* WHAT THE TASK ASKS *
From the first line to the last, output the data exactly as it stands, minus its pictures.
== Segment start ==
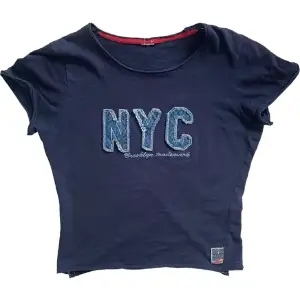 Blå NYC baby tee med fin design 💙Längd: 47 cm. Byst: 42 cm. Jag har strl S för referens! 
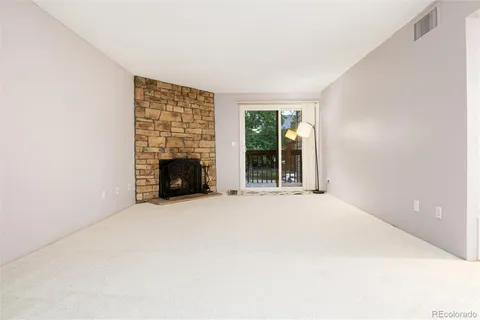 en empty room with windows and fireplace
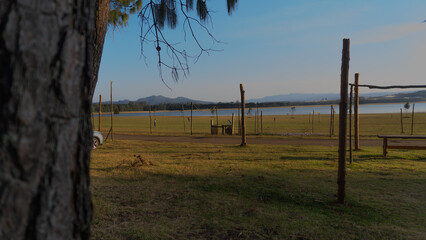 Open field with wooden poles near a lake under blue sky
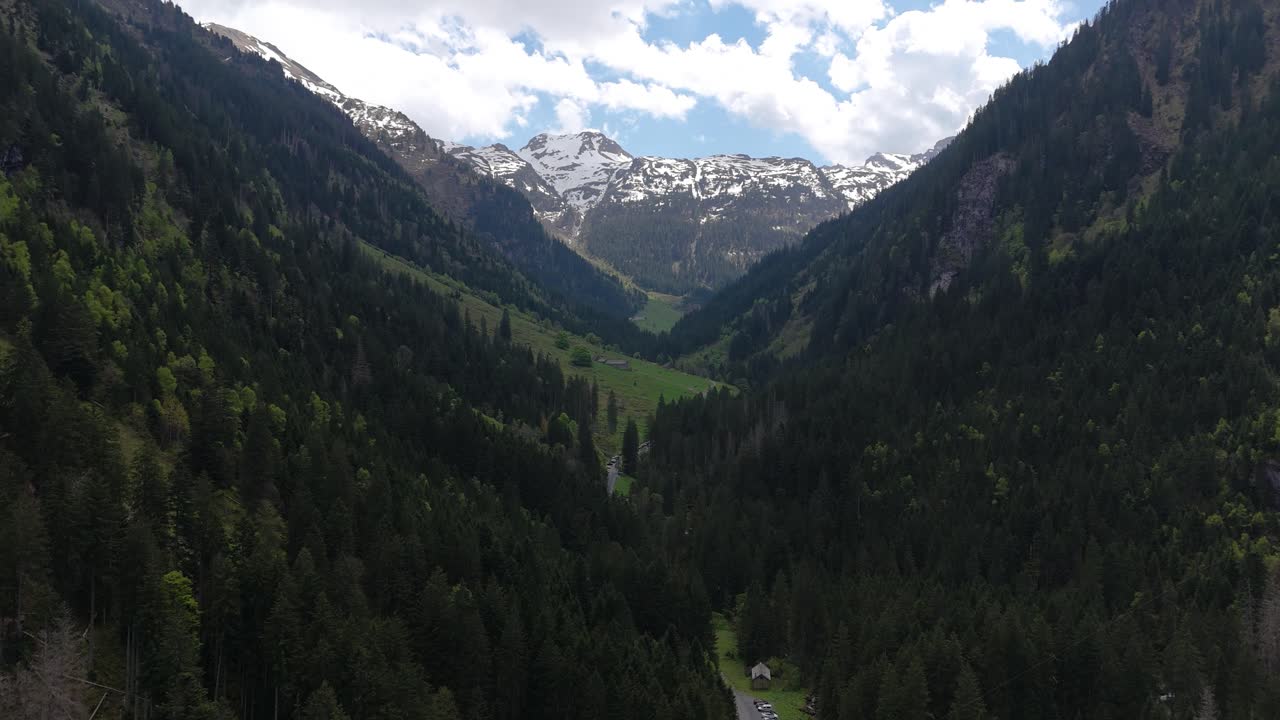 Aerial threatening flight towards a snow-covered mountain in springtime in a valley of the Swiss Alps. It is spring, and the landscape with forests is in bloom. Clouds cover the sky.
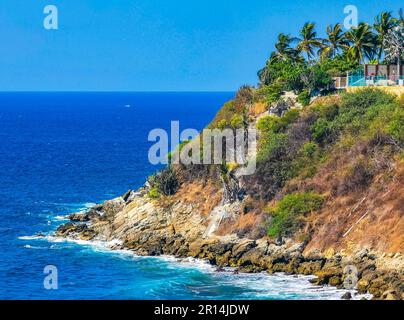 Beach sand turquoise blue water rocks cliffs boulders palm trees huge big surfer waves and panorama view on the beach Playa Carrizalillo in Puerto Esc Stock Photo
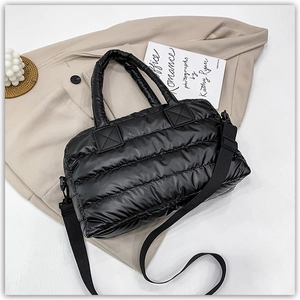 Flat lay of black puffer tote bag with quilted texture and adjustable shoulder strap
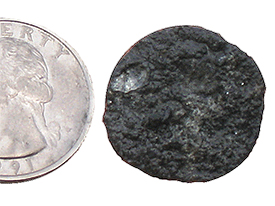 A sixteenth-century coin recovered by students working the in the southern stern unit.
== Segment end ==
* RESPONSE TO THIS TASK *
 Blå NYC baby tee med fin design 💙Längd: 47 cm. Byst: 42 cm. Jag har strl S för referens! 
 en empty room with windows and fireplace
 Open field with wooden poles near a lake under blue sky
 Aerial threatening flight towards a snow-covered mountain in springtime in a valley of the Swiss Alps. It is spring, and the landscape with forests is in bloom. Clouds cover the sky.
 Beach sand turquoise blue water rocks cliffs boulders palm trees huge big surfer waves and panorama view on the beach Playa Carrizalillo in Puerto Esc Stock Photo
 Flat lay of black puffer tote bag with quilted texture and adjustable shoulder strap
 A sixteenth-century coin recovered by students working the in the southern stern unit.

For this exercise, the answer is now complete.